Siffatto modello, già ampiamente diffuso nell’ambito del mercato assicurativo, ha trovato peraltro, di recente, espresso riconoscimento legislativo (art. 11 L. 24/2017 e 3, comma 5, d.l. 138/2011, convertito con modificazioni in L. 148/2011, novellato dall’art. 1, comma 26, L. 124/2017) ed è divenuto, pertanto, legalmente tipico; dette disposizioni, infatti, nell’imporre l’obbligatorietà (per le strutture sanitarie) dell’assicurazione per la responsabilità civile, prevedono, al riguardo , un meccanismo non legato “al fatto accaduto durante il tempo dell’assicurazione”, di cui al primo comma dell’art. 1917 c.c. (tali norme stabiliscono, infatti, tra l’altro, una operatività temporale della garanzia anche per gli eventi accaduti nei dieci anni antecedenti la conclusione del contratto, purché denunciati all’impresa di assicurazione durante la vigenza temporale della polizza, e, in caso di cessazione definitiva dell’attività professionale, precedono un periodo di ultrattività della copertura per le richieste di risarcimento presentate per la prima volta entro i dieci anni successivi).
L’autonomia negoziale delle parti
Da siffatta collazione del modello “claims made” nell’area della tipicità legale, consegue che, rispetto al singolo contratto di assicurazione, non si impone un test di meritevolezza degli interessi perseguiti dalle parti, ai sensi dell’art. 1322, secondo comma, c.c. (che presuppone l’atipicità), e la tutela invocabile dal contraente assicurato agisce invece sul solo piano della libera determinazione del contenuto contrattuale e della “causa concreta” del contratto (e cioè dello scopo pratico del negozio, quale sintesi degli interessi che lo stesso negozio è concretamente diretto a realizzare), e concerne il rispetto, in detta determinazione, dei “limiti imposti dalla legge”, ai sensi dell’art. 1322, comma 1, c.c.

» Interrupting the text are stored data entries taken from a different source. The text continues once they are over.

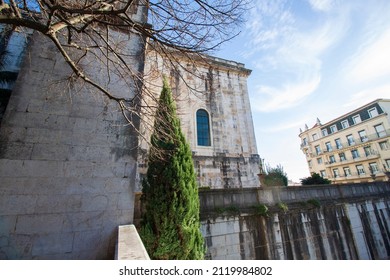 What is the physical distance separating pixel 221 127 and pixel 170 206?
8686mm

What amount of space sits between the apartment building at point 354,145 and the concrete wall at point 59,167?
2912cm

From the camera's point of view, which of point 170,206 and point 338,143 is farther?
point 338,143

Nel caso di specie, la Corte territoriale, facendo corretta applicazione dei suesposti principi di diritto, aveva espressamente ritenuto valide le clausole “claims made” contenute nelle polizze in questione; nello specifico aveva correttamente ritenuto valida la polizza oggetto di causa, atteso che la stessa, pur non prevedendo una copertura per denunce successive al periodo di efficacia (e cioè una copertura postuma), comprendeva nella garanzia anche condotte relative ad un lungo periodo precedente la stipulazione, sicché doveva ritenersi che la clausola “claims made” offrisse una tutela anche nel suo ultimo giorno di validità (o comunque nel suo periodo finale), in virtù del fatto che proficuamente anche l’ultimo giorno poteva essere presentata una richiesta di danno afferente a periodo pregresso; in particolare, poi, la Corte d’Appello aveva valutato la sussistenza, in entrambe le parti, della consapevolezza sul modo con il quale operavano le polizze dalle stesse sottoscritte, ed aveva escluso sia un uso strumentale della facoltà di recesso sia una imposizione del contenuto ad opera del contraente forte.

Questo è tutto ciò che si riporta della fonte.